[
https://issues.apache.org/jira/browse/HADOOP-6308?page=com.atlassian.jira.plugin.system.issuetabpanels:all-tabpanel
]
Todd Lipcon updated HADOOP-6308:
--------------------------------
Status: Open (was: Patch Available)
patch appears to be out of date
> make number of IPC accepts configurable
> ---------------------------------------
>
> Key: HADOOP-6308
> URL: https://issues.apache.org/jira/browse/HADOOP-6308
> Project: Hadoop Common
> Issue Type: Improvement
> Components: ipc
> Affects Versions: 0.20.0
> Environment: Linux, running Yahoo-based 0.20
> Reporter: Andrew Ryan
> Attachments: HADOOP-6308.patch
>
>
> We were recently seeing issues in our environments where HDFS clients would
> experience RST's from the NN when trying to do RPC to get file info, which
> would cause the task to fatal out. After some debugging we identified this to
> be that the IPC server listen queue -- ipc.server.listen.queue.size -- was
> far too low, we had been using the default value of 128 and found we needed
> to bump it up to 10240 before resets went away (although this value is a bit
> suspect, as I will explain later in the issue).

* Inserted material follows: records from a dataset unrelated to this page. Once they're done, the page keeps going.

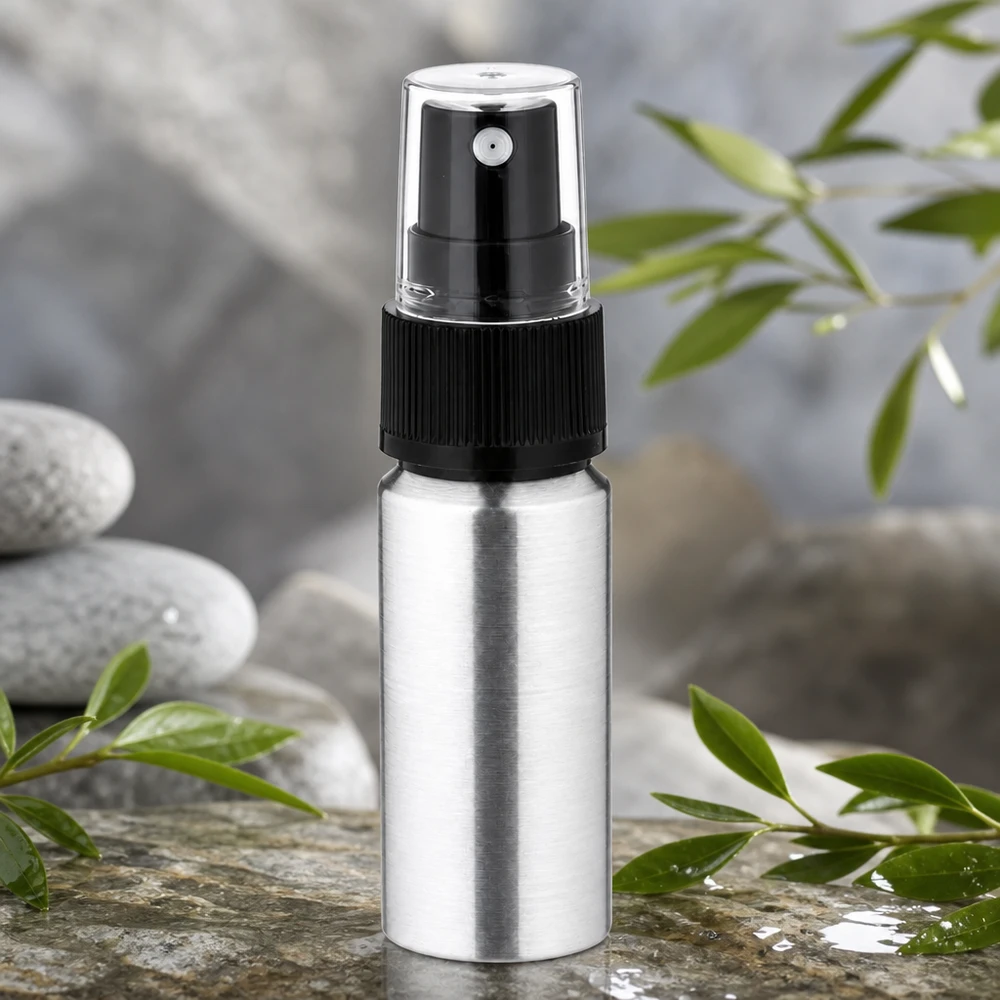 20ml leštěná hliníková láhev s rozprašovačem Vielseitige 20ml Aluminiumflasche mit Zerstäuber für Parfum Mundspray und Aromatherapie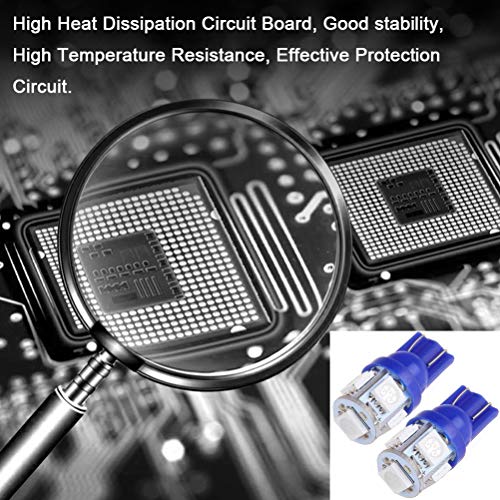 Cciyu 10 Pcs T10 5-5050-Smd Pc194 Blue Led Bulb Instrument Panel Cluster Dash Light Twist Lock Socket #TOP5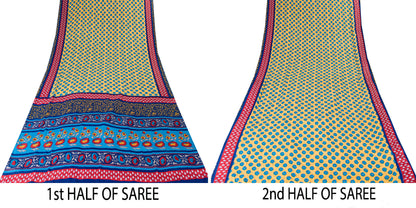 Sanskriti Vintage Blue-Yellow Moss Crepe Sarees Block Print 5.5 YD Floral Fabric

> When a large map job starts, lots of clients very quickly start to issue RPC
> requests to the namenode, which creates this listen queue filling up problem,
> because clients are opening connections faster than Hadoop's RPC server can
> process them. We went back to our 0.17 cluster and instrumented that with
> tcpdump and found that we had been sending RST's for a long time there, but
> the retry handling was implemented differently back in 0.17 so a single TCP
> failure wasn't task-fatal.
> In our environment we have our TCP stack set to explicitly send resets when
> the listen queue gets overflowed (syctl net.ipv4.tcp_abort_on_overflow = 1),
> default linux behavior is to start dropping SYN packets and let the client
> retransmit. Other people may be experiencing this issue and not noticing it
> because they are using the default behavior, which is to let the NN drop
> packets on the floor and let clients retransmit.
> So we've identified (at least) 3 improvements that can be made here:
> 1) In src/core/org/apache/hadoop/ipc/Server.java, Listener.doAccept() is
> currently hardcoded to do 10 accept()'s at a time, then it will start to
> read. We feel that it would be better to allow the server to be configured to
> support more than 10 accept's at one time using a configurable parameter. We
> can still leave 10 as the default.
> 2) Increase the default value of ipc.server.listen.queue.size from 128, or at
> least document that people with larger clusters starting thousands of mappers
> at once should increase this value. I wonder if a lot of people running
> larger clusters are dropping packets and don't realize it because TCP is
> covering them up. One one hand, yay TCP, on the other hand, those are
> needless delays and retries because the server can handle more connections.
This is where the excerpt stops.